Brownback, Legislature to blame for Docking Building mess

The Docking State Office Building poses challenges for the Kansas state government. It’s largely empty and neglected. It would cost many millions to repair.

But as reporting from The Topeka Capital-Journal’s Sherman Smith and Tim Carpenter shows, the most immediate challenges posed are the poor decisions made by former Gov. Sam Brownback’s administration about the building.

In the administration’s unseemly haste to demolish Docking, deals were made to relocate state employees to sites across Topeka. Long-term leases were signed, locking the state into deals that will hamper flexible and efficient state government for decades to come.

A literal generation will pass before some of these deals will come up for renegotiation.

It could have been worse.

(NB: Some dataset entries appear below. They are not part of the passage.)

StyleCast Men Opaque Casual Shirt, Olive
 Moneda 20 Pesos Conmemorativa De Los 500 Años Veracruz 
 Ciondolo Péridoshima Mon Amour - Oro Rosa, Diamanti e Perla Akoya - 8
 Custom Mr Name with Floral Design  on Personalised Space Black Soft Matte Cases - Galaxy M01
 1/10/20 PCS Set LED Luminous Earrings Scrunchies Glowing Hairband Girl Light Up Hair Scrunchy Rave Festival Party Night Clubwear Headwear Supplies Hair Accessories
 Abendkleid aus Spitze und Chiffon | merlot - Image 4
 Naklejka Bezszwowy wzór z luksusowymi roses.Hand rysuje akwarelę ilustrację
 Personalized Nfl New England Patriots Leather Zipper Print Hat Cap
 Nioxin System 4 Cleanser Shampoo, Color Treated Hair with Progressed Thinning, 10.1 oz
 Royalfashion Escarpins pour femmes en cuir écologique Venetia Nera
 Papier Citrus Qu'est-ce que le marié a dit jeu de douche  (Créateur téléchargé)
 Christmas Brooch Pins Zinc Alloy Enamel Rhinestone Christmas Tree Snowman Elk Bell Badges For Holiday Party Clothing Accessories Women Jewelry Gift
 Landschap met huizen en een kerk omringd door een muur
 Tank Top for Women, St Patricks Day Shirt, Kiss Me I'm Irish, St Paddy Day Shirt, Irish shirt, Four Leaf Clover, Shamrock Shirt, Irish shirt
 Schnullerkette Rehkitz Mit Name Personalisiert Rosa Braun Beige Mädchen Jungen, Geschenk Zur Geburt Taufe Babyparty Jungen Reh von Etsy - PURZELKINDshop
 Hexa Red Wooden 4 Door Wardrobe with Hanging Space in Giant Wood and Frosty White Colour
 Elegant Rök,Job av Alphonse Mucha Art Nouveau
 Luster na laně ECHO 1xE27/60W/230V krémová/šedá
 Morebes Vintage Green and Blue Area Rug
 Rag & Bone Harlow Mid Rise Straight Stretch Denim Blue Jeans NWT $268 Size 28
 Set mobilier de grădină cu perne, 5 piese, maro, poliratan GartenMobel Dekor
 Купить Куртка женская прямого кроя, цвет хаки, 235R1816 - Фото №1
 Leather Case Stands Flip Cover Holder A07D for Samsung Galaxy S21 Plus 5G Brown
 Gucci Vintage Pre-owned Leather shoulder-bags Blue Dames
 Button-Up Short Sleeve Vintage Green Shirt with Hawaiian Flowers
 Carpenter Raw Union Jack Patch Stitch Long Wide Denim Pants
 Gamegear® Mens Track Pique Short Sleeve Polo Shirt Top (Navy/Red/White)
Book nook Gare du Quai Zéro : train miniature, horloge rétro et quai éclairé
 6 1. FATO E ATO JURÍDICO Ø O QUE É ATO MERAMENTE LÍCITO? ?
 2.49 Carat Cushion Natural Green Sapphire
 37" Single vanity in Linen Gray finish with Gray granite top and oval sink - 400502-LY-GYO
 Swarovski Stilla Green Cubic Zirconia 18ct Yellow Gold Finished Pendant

The previous administration’s secretary of administration also proposed selling the Landon and Eisenhower buildings, although in those cases the structures would have at least been left standing.

Perhaps the most telling part of Smith’s and Carpenter’s piece is the following: “Mike Morse, a Topeka real estate broker at Kansas Commercial, defended the privatization of office space in light of the Legislature’s track record of underfunding building maintenance.”

In other words, the administration’s actions — while short-sighted and expensive — are part of a larger, profound problem with state government.

That is, legislators can be reluctant to spend money up front to save money later. The same mindset can be seen in ongoing debates about health care and the state budget. Those with eyes focused beyond the next election cycle know that the state can ultimately save money by investing wisely now. It’s the reason you repair your basement rather than waiting for it to cave in. It’s the reason you repair your roof rather than waiting for a tree to fall through it.

These long-term contracts show the costs of short-term thinking. Lawmakers put off repairing Docking. As costs to fix the building mounted, that gave the Brownback administration an excuse to make dubious deals.

Unfortunately, there is no simple way out of this. Contracts are contracts, even if they create problems. Gov. Laura Kelly’s administration has a gigantic task in examining these deals. If some of them must be broken, the administration should be prepared to shoulder the associated costs and explain why the action was taken.

And in the future, everyone should plan for the longest term possible, avoiding the creation of more avoidable traps.